This confirmed our approach. The jury wasn’t just spitting out random numbers, it was successfully identifying the same strengths and weaknesses our expert did. This gave us confidence that we could rely on this automated process for future testing.

The Killer Metric: Several hours vs. < 1 minute

The most game-changing discovery wasn’t just that the AI Jury worked, but how fast it worked.

Human expert

Several hours of painstaking, manual classification and comparison.

AI Jury

Less than 1 minute for all three jurors to evaluate all 9 models.

This is the force multiplier we were looking for. We now had a method to validate our work that was over 180 times faster than our original process. This speed unlocked the ability to do things that were previously impossible. We could now run a full evaluation every time we tweaked a prompt, test a new model the day it’s released, or run continuous quality monitoring. All at a fraction of the human cost and time.

What we learned

This two-part experiment yielded a crucial insight: our final deliverable wasn’t just an optimized model, but an entirely new, scalable process for testing and validation. Our key takeaways have less to do with any single model and more to do with a modern strategy for applying AI.

Key Insight 1: High accuracy doesn’t always mean high cost

Our initial hypothesis was that accuracy was king, and we stuck to that. We would have chosen a more expensive, flagship model if it was the only one that could deliver 100% accuracy.

The surprising discovery was that we didn’t have to. For a task like complex document classification and data extraction, even the cheaper, smaller models like GPT-5 Nano were already performing at a very high level. The difference wasn’t a huge gap in accuracy, but minor “quirks”. Through iterative prompt engineering, we were able to tweak GPT-5 Nano to eliminate those issues and achieve the perfect, expert-level results we required.

This is a critical finding: for specific, well-defined tasks, the most powerful flagship models are not always necessary. A more cost-effective alternative, when paired with careful prompt refinement, can perform at the exact same level, mitigating or even eliminating any initial performance difference.

Key Insight 2: The AI Jury as a force multiplier

The “Several hours vs. < 1 minute” metric says it all. Automating our evaluation process is a genuine force multiplier.
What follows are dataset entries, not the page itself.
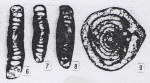 Hemigordius discoides Lin, Li & Sun, 1990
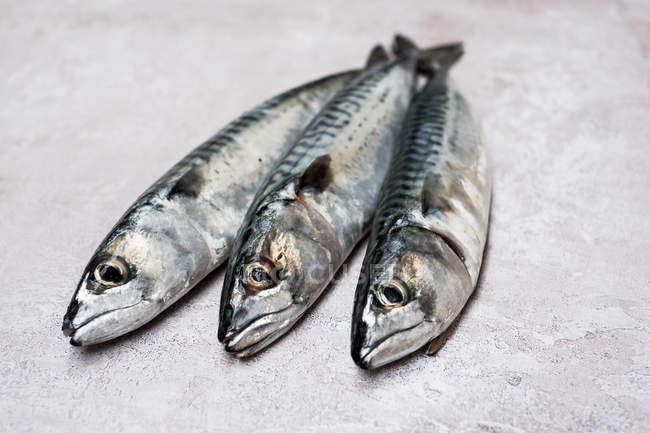 High angle view of three fresh mackerel fish on grey background. — Stock Photo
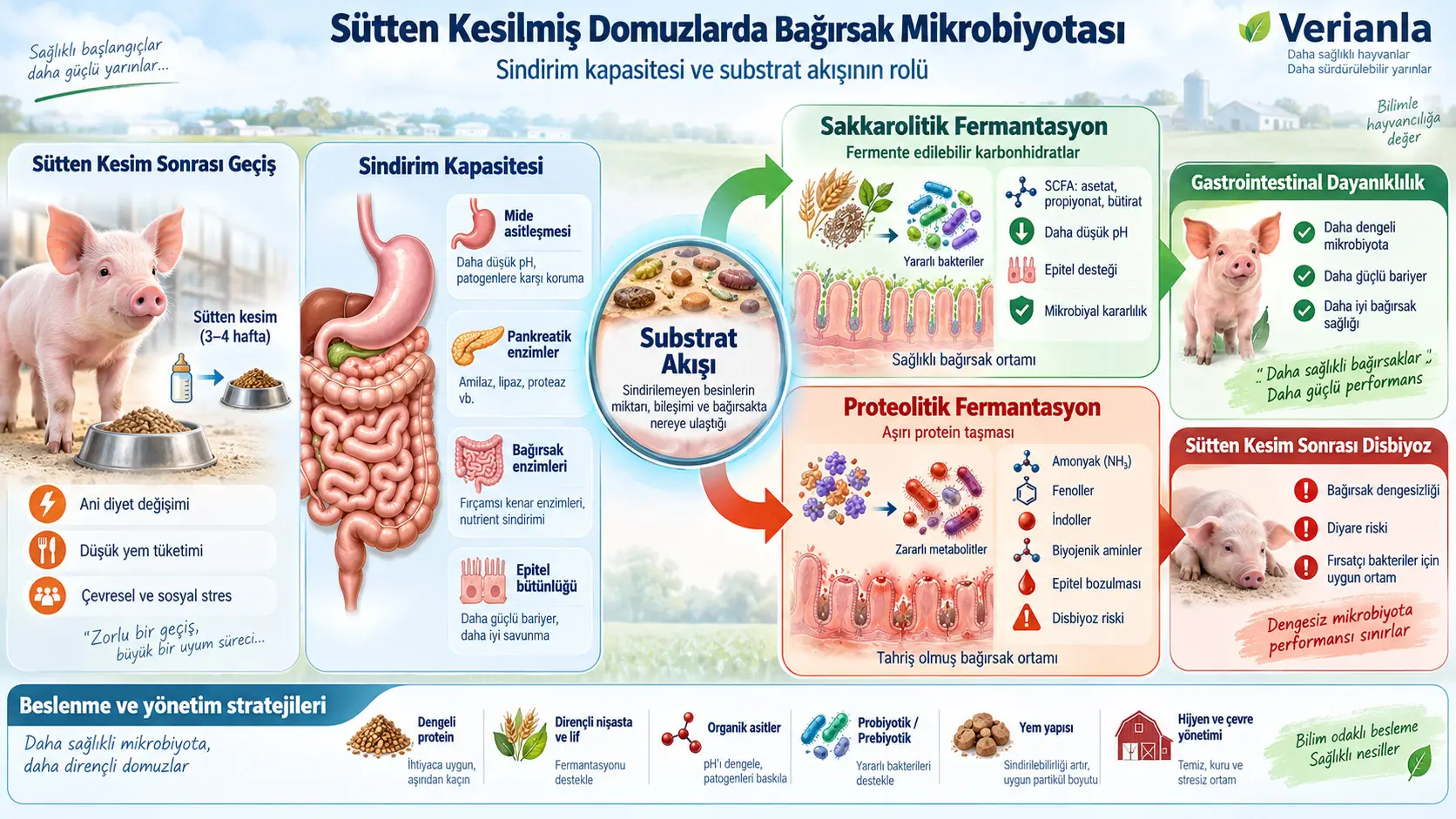 Sütten Kesilmiş Domuzlarda Bağırsak Mikrobiyotasının Düzenlenmesi: Sindirim Kapasitesi ve Substrat Akışının Rolü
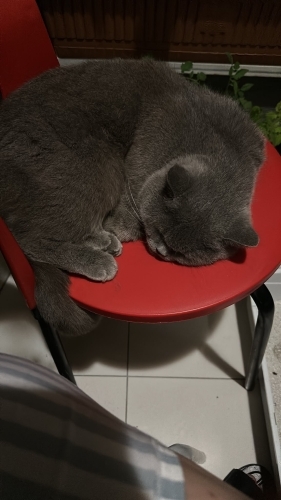 Çok uysal sevimli bir dost fotoğraf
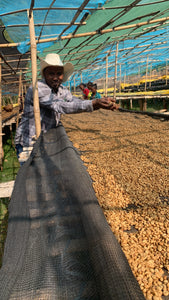 Agricultor etíope junto a los granos de café secándose en camas Africanas en la finca kedamesa en la región de limu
This isn’t just a one-time cost saving; it fundamentally changes how we can work. We can now:

Iterate rapidly: Tweak a prompt to fix a “quirk” and get immediate feedback on its impact.
Test continuously: Run our AI Jury as part of an automated workflow to ensure the quality of our chosen model never degrades over time.
Validate new models instantly: When a new model is released, we can add it to our test suite and know how it stacks up against our champion (GPT-5 Nano) in minutes, not days.

An AI-driven evaluation process is a viable and powerful tool, allowing for a level of speed and iteration that is impossible with human-only evaluation.

Key Insight 3: Prompt engineering still rules

Choosing a model is only the first step. The biggest performance gains, and the final push to perfect accuracy, came from carefully refining our system prompts.

Our initial human-led review was critical for finding the “quirky” failures, like models not being date-aware or switching languages. We solved these problems not by switching to a more expensive model, but by adding clearer instructions to our prompt. The model itself is the engine, but the prompt is the steering wheel.

Conclusion: Our new AI-powered workflow

Our journey started with a simple question: “Which AI model is best?” We tested 9 models, and the answer was that for our non-negotiable high-accuracy needs, several models were up to the task – including the cost-efficient GPT-5 Nano. We didn’t pivot away from accuracy, we proved that after careful prompt refinement, we could achieve our accuracy goals with a more economical model.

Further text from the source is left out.